CLEAN MONEY….One of the measures on the California ballot this November is Proposition 89, the Clean Money initiative. In a nutshell, it provides 100% public financing for state campaigns; provides matching funds if you run against a rich opponent who declines public funds; and places strict limits on the amount of money that corporations, unions, and other interest groups can donate directly to initiative campaigns. You can read the details here.
It deserves passage, but its prospects are probably dim, judging by the number of people who say they support its goals but then go out of their way to find reasons to oppose it. David Sirota draws my attention today to one such person today, longtime LA Times columnist George Skelton. In Thursday’s column he does a pretty good job of outlining the revolting state of modern special-interest campaign financing, but then shies away from reform for reasons that are hard to fathom. First there’s this:
California’s system would cost an estimated $200 million a year and be financed by a bump in the tax rates for banks and corporations. And that’s where Prop. 89 starts to raise my eyebrows.
Here’s the skinny: Prop 89 is financed by raising the California corporate income tax by 0.2 percentage points. That’s an eyebrow raiser? Next up is this:
There’s an agenda here that overreaches beyond public financing: It’s to greatly reduce corporate influence in California politics. And while that might be fine, corporations shouldn’t be whacked any more than labor unions in an initiative that’s principal purpose is to drain special interest money from politics.
….Such a policy would unfairly inhibit a corporation from defending itself against some rich guy with no spending limit. A corporation could get around the limit by soliciting money from executives and shareholders and funneling it through a “political action committee.” But that’s cumbersome. Unions that are incorporated also would be limited, but they already operate PACs.
This is crazy. Candidates for statewide office who accept public funding aren’t allowed to take any additional money from anyone. Not corporations, not unions, not their friends and neighbors. It puts a complete stop to the relentless fundraising that dominates the lives and votes of state officials today.

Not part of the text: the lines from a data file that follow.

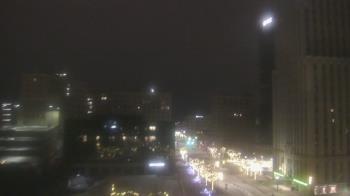 Weather camera view of Akron-Summit County Public Library.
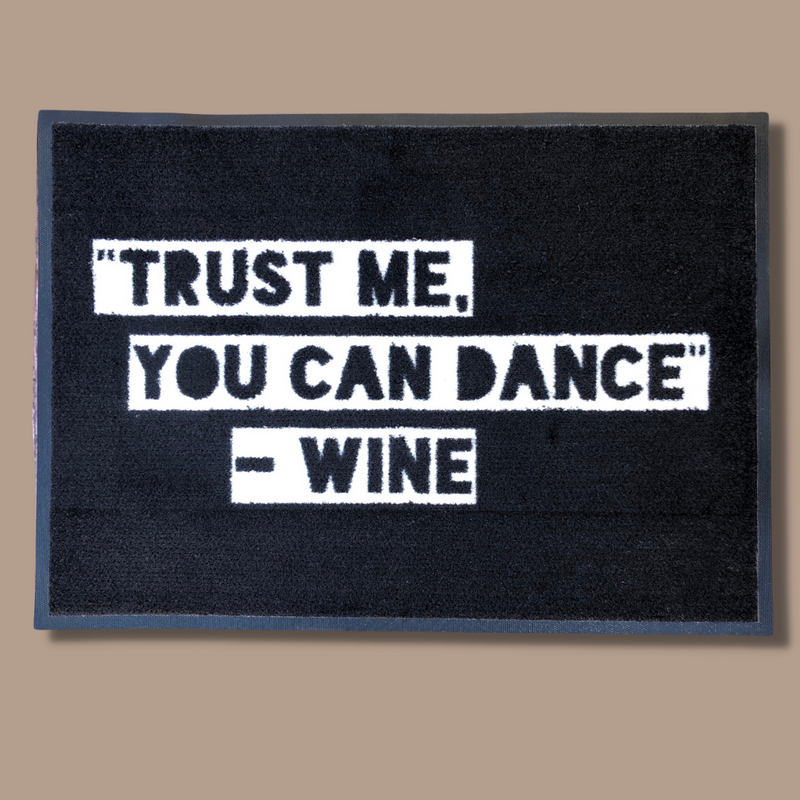 Doormats for Wine & Gin Fans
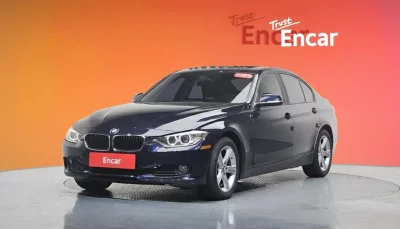 BMW 3-Series 2015, 2.0 л, 70 757 км — купить с аукциона Кореи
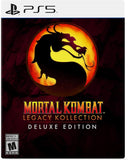 Mortal Kombat Legacy Kollection Steelbook Deluxe Edition (PS5) R1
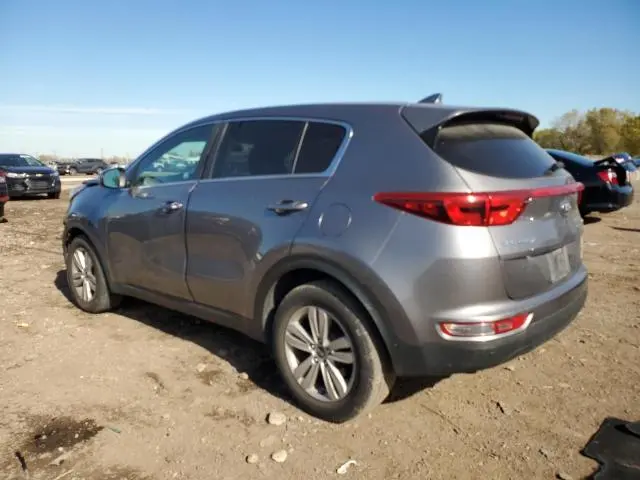 2018 KIA SPORTAGE LX  
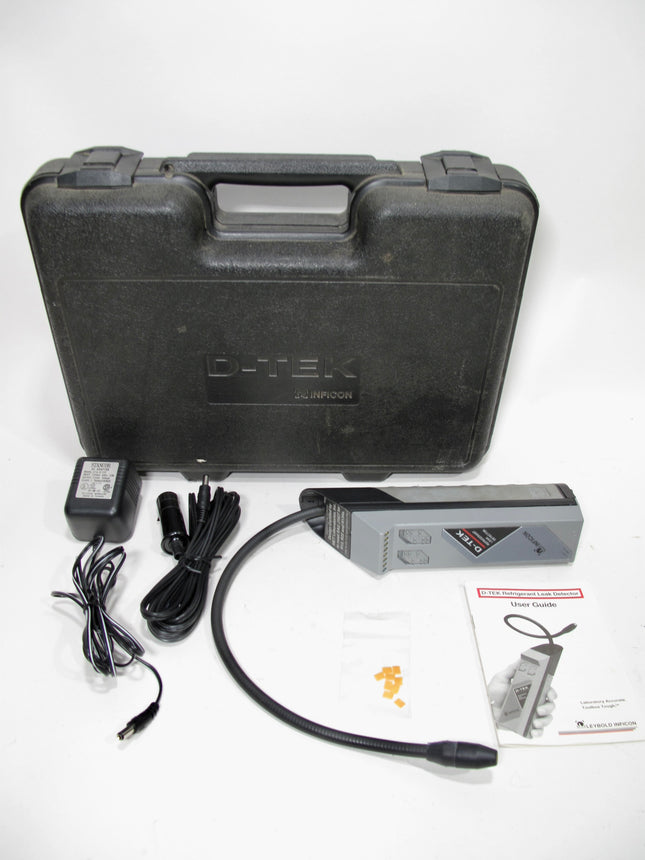 INFICON D-TEK Refrigerant Leak Detector R-12 R-22 R-134a
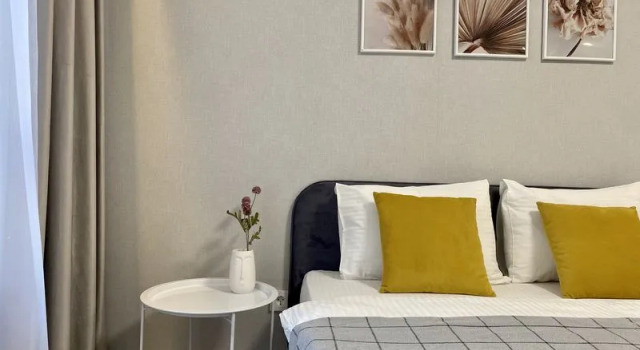 Apartamenty Richkhotels na ul. Rudolfa Nureyeva, 16, Rezervovat Apartmán Hotely v Bashkortostan s parkováním, Parkování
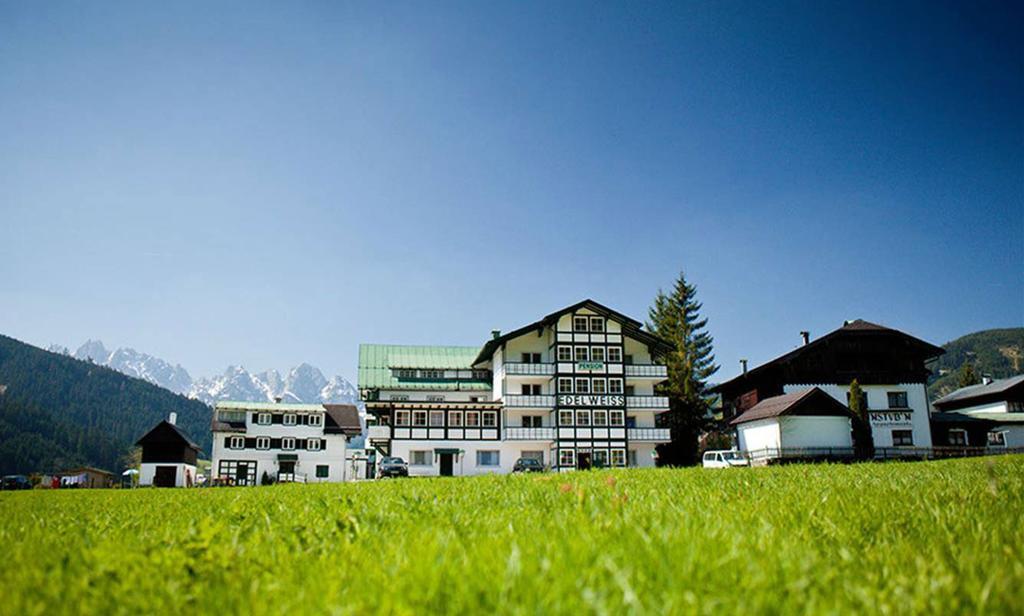 Apartment Almröserl Edelweiss Gosau Exterior foto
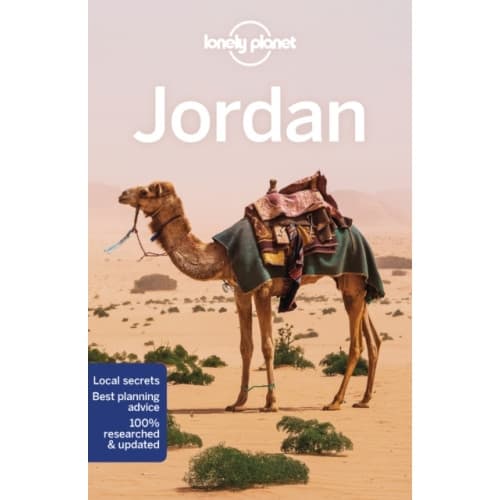 Lonely Planet Jordan (häftad, eng)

Likewise, initiative campaigns are restricted in the amount they can accept from both corporations and unions. The limit is $10,000. Both corporations and unions can raise additional money via PACs if they want, and the idea that the business community is unfairly disadvantaged by this is so peculiar I don’t know what to make of it. Is Skelton suggesting that industry groups are a bunch of rubes who don’t know how to set up and fund PACs? That’s nuts. Industry groups raise hundreds of millions of dollars via PACs and know all too well how to set them up and milk them for all they’re worth.
But the contribution limits would make life harder for everyone involved ? which is why plenty of public employee unions are opposed to Prop 89 too. It would still be possible for them to raise large sums of money, but probably not the astronomical sums that are raised now.
Which sounds fine to me. Frankly, Prop 89 probably doesn’t go far enough to get special interest groups out of the initiative business. Opposing it because it’s too effective makes no sense at all.